It is almost impossible to imagine picking up our phones and not having an English keyboard or not being able to simply googling something in English and to have an infinite number of websites to choose from. For speakers of indigenous languages/dialects, however, the reality is very different.



A survey carried out by UNESCO in 2008 discovered that 98% of websites are in only 12 out of the nearly 7000 languages that exist. Over half of these are in English with 60.4% (around 6 million) of the top 10 million websites using English as their primary language. Russian is the second most used language online appearing in 8.5% of the top 10 million websites, a stark drop from that of English.



Russian’s presence online is mainly due to Runet, the internet’s Russian language community, and Russian being an official language of countries once considered part of the Soviet Union.



There seems to be little correlation between the number of speakers of a language and its prevalence online. For example, although Hindi is the third most spoken language in the world, other languages such as Vietnamese and Persian are more commonly found on the top 10 million websites.



English is thought to have been the first language used on the Internet and, by 1980, it made up 80% of online content.



Perhaps it's good news that English’s influence online has shrunk over the years.

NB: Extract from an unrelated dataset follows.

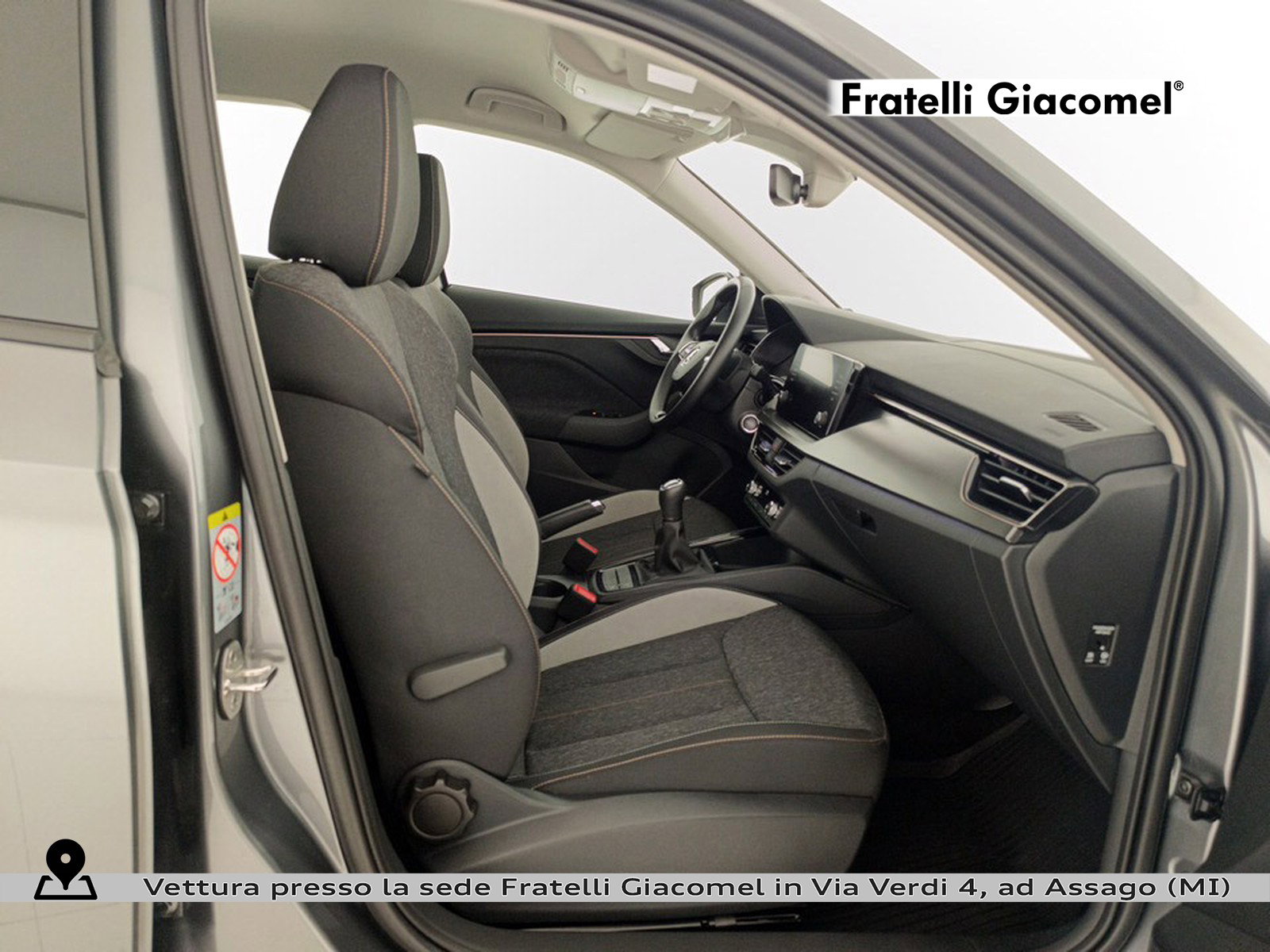 https://cdn-giacomel.caraffinity.it/fratelligiacomel/wrap360/large/83/+2026+05+19+V106125_6a0c6e3d64595.jpg/24d42846cef8830c69da676e621a9e60.jpg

From once being the sole dominant language of the internet, its competition from French, Spanish, German, and Mandarin has decreased its presence online by about 30%. In particular, Mandarin has experienced a massive growth of 1277.2% between 2000 and 2010. It is this growth which has pushed it firmly into the rankings of one of the top 10 most used languages on the internet.


Although English may not be as prevalent online today as it once was in the past, the lack of linguistic diversity online continues to pose a great threat to the existence of indigenous languages, making it increasingly harder for speakers of these languages to access material online in their mother-tongue. While there may be around 6000 languages actively spoken today, the top 10 most spoken languages in the world make up 82% of all material on the internet, rendering linguistic diversity online as almost non-existent.



Facebook is the most multilingual social media platform, offering 111 different languages.



The process of creating a healthy balance between the different languages used online will take decades if not centuries to transpire - some, however, aren’t willing to wait this long. In 2018, the French President Emmanuel Macron made it clear that there needs to be more use of French online and pledged to spend hundred of millions of euros to encourage the use of French online.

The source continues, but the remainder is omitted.